These findings suggest that EMILIN1 may play a role in the initial stages of mammary tumorigenesis but may not significantly affect tumor growth once tumors are established. This is also in line with the observed localization of EMILIN1, deposited in the ECM that surrounded the normal mammary ducts and the tumor masses, while being completely absent within the tumors. The low level of EMILIN1 expression, coupled with the reduced levels of the α4β1/α9β1 integrin receptors on HER2+ cancer cells, reported by others35, and the potent activity of the Δ16HER2 oncogene, may explain why we could not detect an antiproliferative effect of EMILIN1 in the tumor mass, while we could observe it in pre-neoplastic mammary glands at 11 W and 13 W.

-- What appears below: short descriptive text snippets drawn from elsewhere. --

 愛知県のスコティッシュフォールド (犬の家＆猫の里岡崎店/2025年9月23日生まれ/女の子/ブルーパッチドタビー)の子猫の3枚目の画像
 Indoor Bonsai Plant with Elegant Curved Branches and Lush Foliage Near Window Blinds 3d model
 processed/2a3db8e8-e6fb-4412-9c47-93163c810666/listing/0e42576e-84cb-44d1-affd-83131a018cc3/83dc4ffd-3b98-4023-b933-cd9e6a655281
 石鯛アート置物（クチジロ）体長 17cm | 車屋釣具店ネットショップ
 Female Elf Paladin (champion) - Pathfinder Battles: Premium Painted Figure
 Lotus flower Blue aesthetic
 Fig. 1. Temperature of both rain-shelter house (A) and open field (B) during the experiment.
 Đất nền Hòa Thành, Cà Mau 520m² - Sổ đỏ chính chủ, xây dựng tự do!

We next explored potential factors that could be responsible for the observed early tumor initiation phenotype. Notably, Δ16HER2/EMI1 KO mice exhibited a larger amount of fat within the MMG and an increased adipocyte size, a well-established predisposing factor for the onset of breast cancer. However, we did not find a linear correlation with key actors of the lipid metabolism and fatty acid synthesis. However, it is known that an increased fatty acid synthesis does not always relate to obesity and indeed lipid deprivation may increase the activity of different enzymes involved in the fatty acid synthesis38. Additionally, extracellular lipid availability can influence de novo lipid synthesis39. Therefore, it is possible that lower fatty acid synthesis in Δ16HER2/EMI1 KO mice may be due to a higher extracellular lipid availability, which warrants further investigation. Also, we ruled out the possibility that differences in ECM stiffness in EMI1 KO MMG were responsible for the early tumor initiation, as there were no evident abnormalities in elastic fiber content.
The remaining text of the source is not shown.